Employee Productivity: A clean and organized workspace boosts employee morale and productivity. Employees are more likely to perform better in an environment that is free from clutter and dirt.
Regulatory Compliance: Businesses must adhere to health and safety regulations. Professional cleaning services ensure compliance, helping businesses avoid potential fines and legal issues.
Cost Savings: Regular maintenance prevents the accumulation of dirt and grime, which can cause damage over time. Professional cleaning can extend the lifespan of office furniture, equipment, and fixtures, saving money in the long run.
Why Choose A Fresh Bio Cleaning?
A Fresh Bio Cleaning is distinguished by its commitment to quality and customer satisfaction. Here's what makes them the top choice for commercial cleaning services in Atlanta:
Customized Cleaning Plans: They understand that every business is unique. Therefore, they offer tailored cleaning plans that meet the specific needs and schedules of each client, ensuring all areas are properly addressed.

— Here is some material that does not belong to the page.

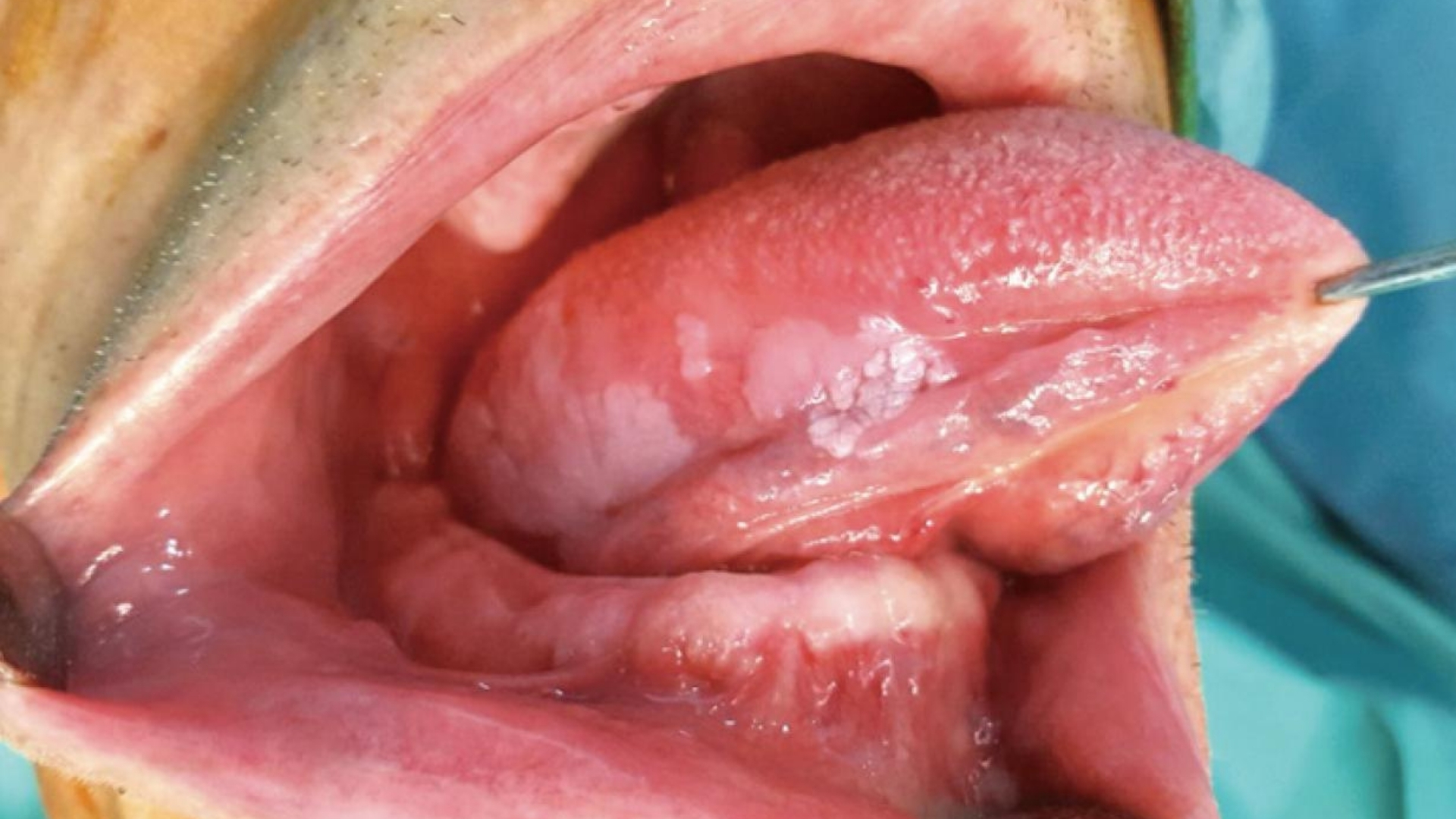 Tongue Cancer (Tongue Carcinoma)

Eco-Friendly Practices: A Fresh Bio Cleaning uses non-toxic, biodegradable cleaning products that are safe for both employees and the environment. This approach not only ensures a thorough clean but also supports sustainability.
Experienced Professionals: Their team consists of highly trained and experienced cleaners who are dedicated to delivering exceptional results. They use the latest cleaning techniques and equipment to ensure high standards of cleanliness.
Flexible Scheduling: Recognizing the importance of minimizing disruption to business operations, they offer flexible scheduling options that accommodate the client’s business hours and specific needs.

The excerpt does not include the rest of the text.